┌──

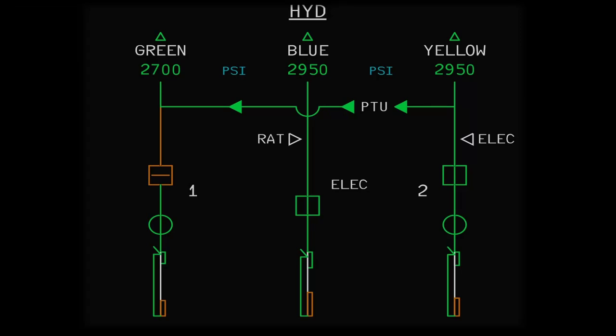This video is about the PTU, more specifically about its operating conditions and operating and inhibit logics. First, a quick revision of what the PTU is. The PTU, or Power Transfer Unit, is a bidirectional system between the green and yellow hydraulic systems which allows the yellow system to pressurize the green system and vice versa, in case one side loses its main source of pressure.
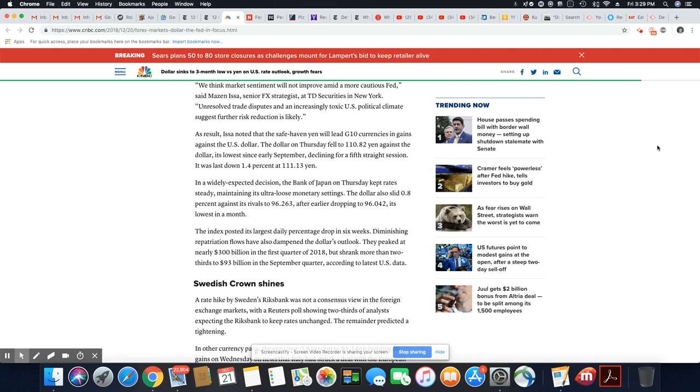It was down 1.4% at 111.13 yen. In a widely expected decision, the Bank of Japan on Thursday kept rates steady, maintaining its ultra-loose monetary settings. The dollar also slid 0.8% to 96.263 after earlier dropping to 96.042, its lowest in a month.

└──
┌──

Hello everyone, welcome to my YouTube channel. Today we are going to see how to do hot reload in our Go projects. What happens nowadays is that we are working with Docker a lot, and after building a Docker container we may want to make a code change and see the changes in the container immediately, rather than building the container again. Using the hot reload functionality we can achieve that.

└──

[Problem to work on]: "This video is" marks the first line to copy, and "It was down" marks the last. Repeat that stretch above exactly, with no pictures.

[Result below]:
This video is about the PTU, more specifically about its operating conditions and operating and inhibit logics. First, a quick revision of what the PTU is. The PTU, or Power Transfer Unit, is a bidirectional system between the green and yellow hydraulic systems which allows the yellow system to pressurize the green system and vice versa, in case one side loses its main source of pressure.
It was down 1.4% at 111.13 yen. In a widely expected decision, the Bank of Japan on Thursday kept rates steady, maintaining its ultra-loose monetary settings. The dollar also slid 0.8% to 96.263 after earlier dropping to 96.042, its lowest in a month.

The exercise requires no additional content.